A atriz e apresentadora Fernanda Lima tem presença, charme e desenvoltura para comandar um programa ousado. "Amor & Sexo", nova atração da Rede Globo nas noites de sexta-feira, tinha tudo para ser sua consagração profissional. Mas não é, e o problema não está em Fernanda. O que se mostra estridente nessa atração que se propõe a tratar de sexo sem sisudez é a sua completa falta de espontaneidade – exatamente o que o programa diz ser sua marca. Ninguém se mostra realmente à vontade ao falar do assunto e, ao se simular uma leveza, tropeça-se nas próprias pernas. Isso ficou evidente e quase constrangedor no quadro "Strip Quiz". Nele um homem e uma mulher dão sua opinião sobre assuntos diversos. Se o auditório achar que é mentira, o participante perde uma peça de roupa – não sua, claro, a coisa é só simbólica. Seria uma brincadeira de criança não fossem as intervenções. No programa de estreia, ao responder a pergunta "Tamanho é documento?", a atriz Claudia Raia, saiu-se com uma negativa e revelou um pouco de sua experiênacia. Um comentário desnecessário.

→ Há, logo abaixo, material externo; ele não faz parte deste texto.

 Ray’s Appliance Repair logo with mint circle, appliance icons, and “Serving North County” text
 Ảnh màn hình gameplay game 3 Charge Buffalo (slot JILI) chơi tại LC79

A dificuldade de se falar abertamente sobre sexo é que o limite entre o tom espirituoso e a vulgaridade é muito tênue. O cantor Léo Jaime, à frente de uma banda durante toda a atração, é também chamado a opinar nos debates. Caiu na armadilha de confundir o tom. "Vocês estão discutindo o tamanho dos pés, mas não discutiram o dos sapatos", disse ele. Para compensar as saias-justas, fica de plantão uma sexóloga, a psiquiatra e professora da USP Carmita Abdo. Ela entrou em ação quando um espectador telefonou perguntando se gostar de carícias nas nádegas é uma tendência homossexual. Carmita ajudou Fernanda a precisar o que é ser gay e a questão de ser apalpado serviu de mote para o casal de repórteres Valéria e Fábio Gonçalves sair à rua numa enquete. Os entrevistadores vivem juntos há mais de meio século e têm, respectivamente, 69 e 78 anos. A idade poderia significar que se vive mesmo em tempos menos caretas. Mas o expediente não funciona e só reforça o riso amarelo.

Nos anos 1970, o filósofo francês Michel Foucault escreveu três livros sobre a história da sexualidade, estudada da Grécia antiga ao século XX, defendendo a tese de que, em nossa época, as pessoas discorrem tanto sobre sexo porque esse falatório funciona como uma forma de controle social da própria sexualidade. Na mesma época, outro grande pensador, o cineasta italiano Pier Paolo Pasolini, dizia que não se vive uma liberação sexual, mas uma permissividade – e que isso esconderia esse mesmo controle do desejo, não percebido no Carnaval liberalizante. Hoje a internet sacramentou a situação e contribuiu para banalizar a vivência do prazer. Ou seja: a ideia de que o sexo é uma coisa simples não passa de uma grande balela. O resto é apelação na briga pela audiência.